Sonntag, 12. Mai 2002

Millionen-Investitionen im Burgenland

  • BEWAG-Ehe mit EnergieAllianz bringt Arbeitsplätze
  • Tierschützer fürchten um den Vogelbestand in neuem Windpark

Die nach langem Tauziehen doch noch zustande gekommene engere Zusammenarbeit der BEWAG mit der EnergieAllianz Austria (EAA) bringt für das Burgenland über die Kooperation im eigentlichen Kerngeschäft hinausgehend Investitionen und Aufträge im Wert von bis zu 110 Mill. Euro. Umweltschützer fürchten allerdings um den Vogelbestand angesichts eines zu erwartenden Windräder-Waldes im Burgenland.

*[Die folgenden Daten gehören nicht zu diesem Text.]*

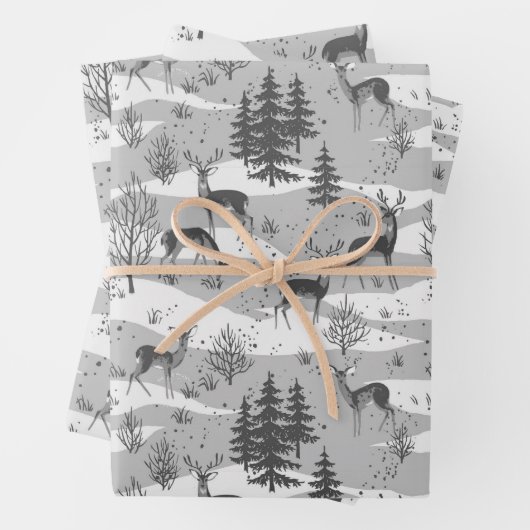 Elegant Retro Gray Woodland Deer Geschenkpapier Set (Beispiel)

Diese Maßnahmen sind Inhalt eines Kooperationsvertrages zwischen BEWAG, EVN und Wiener Stadtwerken, der am Dienstag in Eisenstadt unterzeichnet worden ist. Die einzelnen Projekte, die von der Kooperation in der Telekommunikation bis zur Errichtung eines neuen Windparks reichen, sollen 30 bis 50 Arbeitsplätze schaffen bzw. sichern.

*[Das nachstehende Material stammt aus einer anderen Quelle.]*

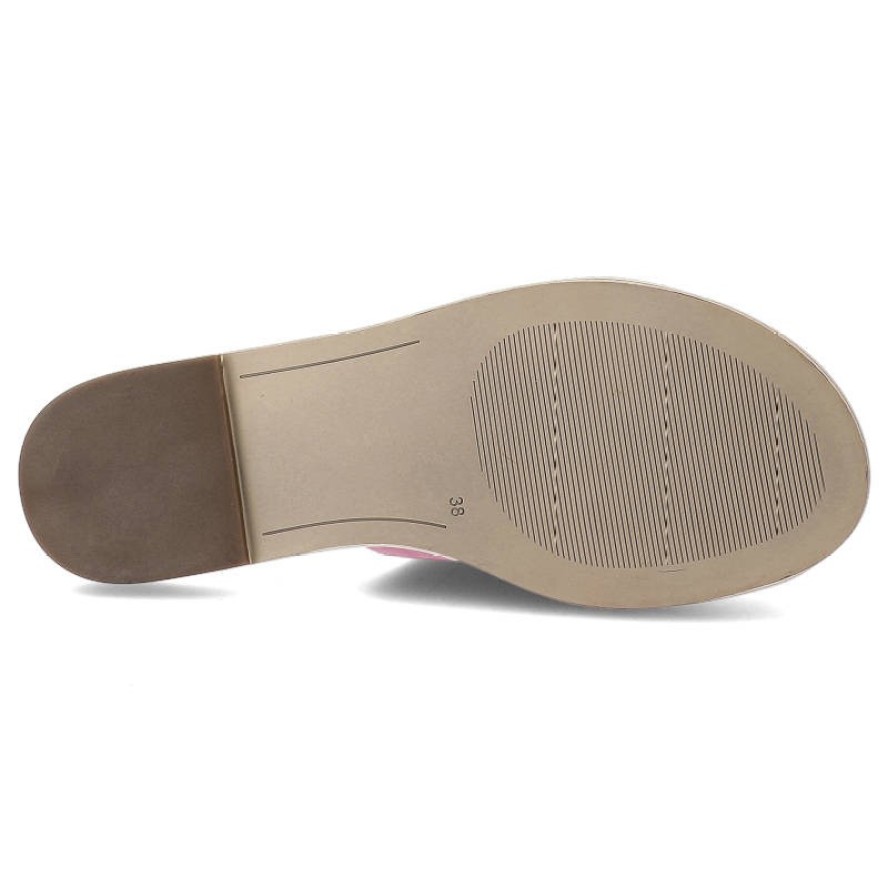 Różowe Klapki Venezia Skórzane Buty Damskie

Für den Landeshauptmann Niessl sind durch diese Kooperation alle Auflagen - günstige Strompreise für die Burgenländer, Erhalt der Eigenständigkeit der BEWAG, kein Personalabbau im Unternehmen und Kooperationsmöglichkeiten zwischen BEWAG, Wiener Stadtwerken und EVN - in einem sehr hohen Maße erfüllt. Er kann sich vorstellen, dass es auch andere Bereiche für eine gut funktionierende Kooperation mit den Nachbar-Bundesländern gibt, z. B. die Abfallwirtschaft oder das Tetra-Funksystem.

Windpark Zurndorf
Die im Kooperationsvertrag festgelegten Projekte reichen von der Beteiligung von EVN und Wiener Stadtwerken an einem Biomasse-Kraftwerk im Wirtschaftspark Heiligenkreuz, dem wechselseitigen Abtausch von Lichtwellenleiter-Faserverbindungen in Wien, Niederösterreich und Burgenland bis hin zur Beteiligung der Wiener Stadtwerke am Windpark Zurndorf und an der Errichtung eines neuen Windparks.